Every child brought to selected health centres in Kompong Speu province is checked for signs of malnutrition. Health workers also identify malnourished children during health centre community outreach activities such as vaccination drives.
Therapeutic food allows children to continue treatment at home
It had been observed that many children who were treated for severe malnutrition in Cambodia were not completing the full course of treatment after returning to their homes. If children do not complete the treatment programme, they can easily slip back into malnutrition.

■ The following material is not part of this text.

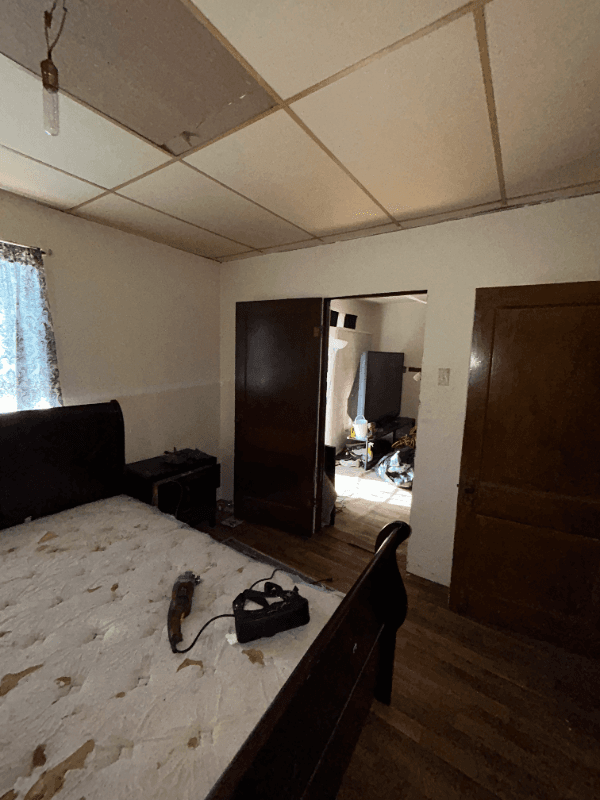 East Saint Louis House: 5617 Warren Ave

With support from the Spanish Government through the MDG Joint Programme for Children, Food Security and Nutrition, UNICEF (in collaboration with WFP and WHO) initiated a programme in 2010 with five health centres in Kampong Speu province to help them provide ongoing care for children diagnosed with malnutrition. The children are sent home from the health centre with “therapeutic food” so that they can continue their treatment. Caregivers are counseled in the use of the food and arrangements are made to bring the children back to the health centres for follow up visits every two weeks for the following two months.
This programme is an integral part of UNICEF’s efforts to achieve Cambodia’s Millennium Development Goals 1 and 4: to eradicate extreme poverty and hunger, and reduce child mortality.
In 2012 the programme was expanded to 19 health centres in Kampong Speu and Svay Rieng province. Presently nearly all of the children are completing their treatment and are making full recoveries from malnutrition.
Working directly with health centres, UNICEF is enabling local health care workers to more readily identify and treat childhood malnutrition in the communities they serve. Health centre staff can work in their communities to educate parents and caregivers on childhood nutrition and monitor each child’s progress as they continue to receive nutritional support.